- _Aim of the exercise_
Please give back only the lines below from the one containing "Convite de Casamento" to the one containing "ESPEJO REDONDO ASA POLIPIEL CHAMPAGNE GRD", each repeated word for word, both ends included.

- _Supplied records_
[Start of Attachment]
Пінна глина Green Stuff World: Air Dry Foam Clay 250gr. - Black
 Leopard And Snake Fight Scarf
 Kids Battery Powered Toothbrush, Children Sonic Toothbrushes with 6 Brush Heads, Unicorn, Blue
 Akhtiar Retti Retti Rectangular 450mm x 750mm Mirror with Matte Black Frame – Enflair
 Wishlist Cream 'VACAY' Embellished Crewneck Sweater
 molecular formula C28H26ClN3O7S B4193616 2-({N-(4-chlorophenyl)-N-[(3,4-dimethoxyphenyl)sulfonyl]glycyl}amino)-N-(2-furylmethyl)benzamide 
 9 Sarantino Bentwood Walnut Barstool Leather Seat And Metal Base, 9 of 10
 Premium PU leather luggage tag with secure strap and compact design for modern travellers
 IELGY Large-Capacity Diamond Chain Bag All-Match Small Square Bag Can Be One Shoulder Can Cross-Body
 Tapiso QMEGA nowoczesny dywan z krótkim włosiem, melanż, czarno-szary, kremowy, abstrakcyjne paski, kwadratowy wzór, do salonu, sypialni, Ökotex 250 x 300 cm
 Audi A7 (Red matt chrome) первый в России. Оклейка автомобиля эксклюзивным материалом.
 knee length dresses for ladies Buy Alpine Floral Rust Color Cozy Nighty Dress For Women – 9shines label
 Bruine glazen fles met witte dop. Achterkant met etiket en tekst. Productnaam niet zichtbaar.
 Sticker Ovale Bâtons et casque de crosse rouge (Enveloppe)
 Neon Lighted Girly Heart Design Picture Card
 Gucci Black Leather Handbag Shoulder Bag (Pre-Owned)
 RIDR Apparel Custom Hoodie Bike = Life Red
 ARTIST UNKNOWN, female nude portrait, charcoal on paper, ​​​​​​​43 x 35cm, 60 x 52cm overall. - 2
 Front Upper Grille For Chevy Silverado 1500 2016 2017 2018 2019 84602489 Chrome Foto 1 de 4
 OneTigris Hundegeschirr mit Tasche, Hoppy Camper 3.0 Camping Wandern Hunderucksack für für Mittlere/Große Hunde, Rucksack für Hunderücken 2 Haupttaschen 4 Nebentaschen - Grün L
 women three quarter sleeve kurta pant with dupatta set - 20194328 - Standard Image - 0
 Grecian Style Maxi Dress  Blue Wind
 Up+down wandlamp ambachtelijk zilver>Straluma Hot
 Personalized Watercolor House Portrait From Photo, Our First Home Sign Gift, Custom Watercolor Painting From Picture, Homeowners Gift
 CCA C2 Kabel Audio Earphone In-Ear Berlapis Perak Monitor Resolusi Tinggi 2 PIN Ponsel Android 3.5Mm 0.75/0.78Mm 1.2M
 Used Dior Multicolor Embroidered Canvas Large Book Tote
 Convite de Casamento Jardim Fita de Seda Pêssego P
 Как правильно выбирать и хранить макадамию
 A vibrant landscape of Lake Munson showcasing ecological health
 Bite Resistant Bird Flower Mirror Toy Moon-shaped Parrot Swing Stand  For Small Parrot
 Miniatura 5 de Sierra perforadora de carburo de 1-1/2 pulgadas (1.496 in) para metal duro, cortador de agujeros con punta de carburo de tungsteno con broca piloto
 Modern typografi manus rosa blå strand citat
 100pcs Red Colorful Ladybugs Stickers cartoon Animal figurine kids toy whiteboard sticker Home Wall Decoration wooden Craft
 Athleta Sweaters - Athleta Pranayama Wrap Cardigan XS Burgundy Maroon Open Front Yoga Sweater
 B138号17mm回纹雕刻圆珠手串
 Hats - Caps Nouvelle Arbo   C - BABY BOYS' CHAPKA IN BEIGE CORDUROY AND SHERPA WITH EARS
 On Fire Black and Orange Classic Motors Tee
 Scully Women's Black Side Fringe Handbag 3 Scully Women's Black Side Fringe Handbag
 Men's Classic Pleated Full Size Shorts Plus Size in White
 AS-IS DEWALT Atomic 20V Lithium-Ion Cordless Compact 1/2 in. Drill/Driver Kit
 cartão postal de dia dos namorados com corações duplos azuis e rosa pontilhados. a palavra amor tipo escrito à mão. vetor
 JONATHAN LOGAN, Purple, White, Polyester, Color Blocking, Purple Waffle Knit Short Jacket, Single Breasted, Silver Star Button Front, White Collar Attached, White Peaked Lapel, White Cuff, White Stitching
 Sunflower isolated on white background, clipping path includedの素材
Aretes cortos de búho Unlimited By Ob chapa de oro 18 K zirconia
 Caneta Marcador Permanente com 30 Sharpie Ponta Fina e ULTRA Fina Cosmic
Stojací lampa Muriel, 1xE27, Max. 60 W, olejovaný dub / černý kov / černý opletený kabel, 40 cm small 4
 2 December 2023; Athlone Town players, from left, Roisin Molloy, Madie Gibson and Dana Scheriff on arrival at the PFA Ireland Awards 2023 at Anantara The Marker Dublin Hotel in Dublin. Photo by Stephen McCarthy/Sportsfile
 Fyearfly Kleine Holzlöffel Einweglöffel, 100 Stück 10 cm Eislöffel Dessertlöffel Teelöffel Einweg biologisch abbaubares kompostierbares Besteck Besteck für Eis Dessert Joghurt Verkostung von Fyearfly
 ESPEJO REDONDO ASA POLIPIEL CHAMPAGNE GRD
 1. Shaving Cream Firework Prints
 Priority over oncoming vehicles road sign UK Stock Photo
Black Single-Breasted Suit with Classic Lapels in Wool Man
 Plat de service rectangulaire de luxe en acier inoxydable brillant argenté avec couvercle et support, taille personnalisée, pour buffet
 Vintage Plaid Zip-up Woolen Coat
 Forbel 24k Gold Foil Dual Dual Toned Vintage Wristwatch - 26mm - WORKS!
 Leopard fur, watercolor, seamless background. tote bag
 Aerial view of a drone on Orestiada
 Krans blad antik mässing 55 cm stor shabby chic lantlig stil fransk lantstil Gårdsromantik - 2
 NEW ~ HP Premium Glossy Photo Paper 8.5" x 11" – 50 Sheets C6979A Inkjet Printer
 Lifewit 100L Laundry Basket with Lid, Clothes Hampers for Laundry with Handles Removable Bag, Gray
[End of Attachment]
- _Written solution_
 Convite de Casamento Jardim Fita de Seda Pêssego P
 Как правильно выбирать и хранить макадамию
 A vibrant landscape of Lake Munson showcasing ecological health
 Bite Resistant Bird Flower Mirror Toy Moon-shaped Parrot Swing Stand  For Small Parrot
 Miniatura 5 de Sierra perforadora de carburo de 1-1/2 pulgadas (1.496 in) para metal duro, cortador de agujeros con punta de carburo de tungsteno con broca piloto
 Modern typografi manus rosa blå strand citat
 100pcs Red Colorful Ladybugs Stickers cartoon Animal figurine kids toy whiteboard sticker Home Wall Decoration wooden Craft
 Athleta Sweaters - Athleta Pranayama Wrap Cardigan XS Burgundy Maroon Open Front Yoga Sweater
 B138号17mm回纹雕刻圆珠手串
 Hats - Caps Nouvelle Arbo   C - BABY BOYS' CHAPKA IN BEIGE CORDUROY AND SHERPA WITH EARS
 On Fire Black and Orange Classic Motors Tee
 Scully Women's Black Side Fringe Handbag 3 Scully Women's Black Side Fringe Handbag
 Men's Classic Pleated Full Size Shorts Plus Size in White
 AS-IS DEWALT Atomic 20V Lithium-Ion Cordless Compact 1/2 in. Drill/Driver Kit
 cartão postal de dia dos namorados com corações duplos azuis e rosa pontilhados. a palavra amor tipo escrito à mão. vetor
 JONATHAN LOGAN, Purple, White, Polyester, Color Blocking, Purple Waffle Knit Short Jacket, Single Breasted, Silver Star Button Front, White Collar Attached, White Peaked Lapel, White Cuff, White Stitching
 Sunflower isolated on white background, clipping path includedの素材
Aretes cortos de búho Unlimited By Ob chapa de oro 18 K zirconia
 Caneta Marcador Permanente com 30 Sharpie Ponta Fina e ULTRA Fina Cosmic
Stojací lampa Muriel, 1xE27, Max. 60 W, olejovaný dub / černý kov / černý opletený kabel, 40 cm small 4
 2 December 2023; Athlone Town players, from left, Roisin Molloy, Madie Gibson and Dana Scheriff on arrival at the PFA Ireland Awards 2023 at Anantara The Marker Dublin Hotel in Dublin. Photo by Stephen McCarthy/Sportsfile
 Fyearfly Kleine Holzlöffel Einweglöffel, 100 Stück 10 cm Eislöffel Dessertlöffel Teelöffel Einweg biologisch abbaubares kompostierbares Besteck Besteck für Eis Dessert Joghurt Verkostung von Fyearfly
 ESPEJO REDONDO ASA POLIPIEL CHAMPAGNE GRD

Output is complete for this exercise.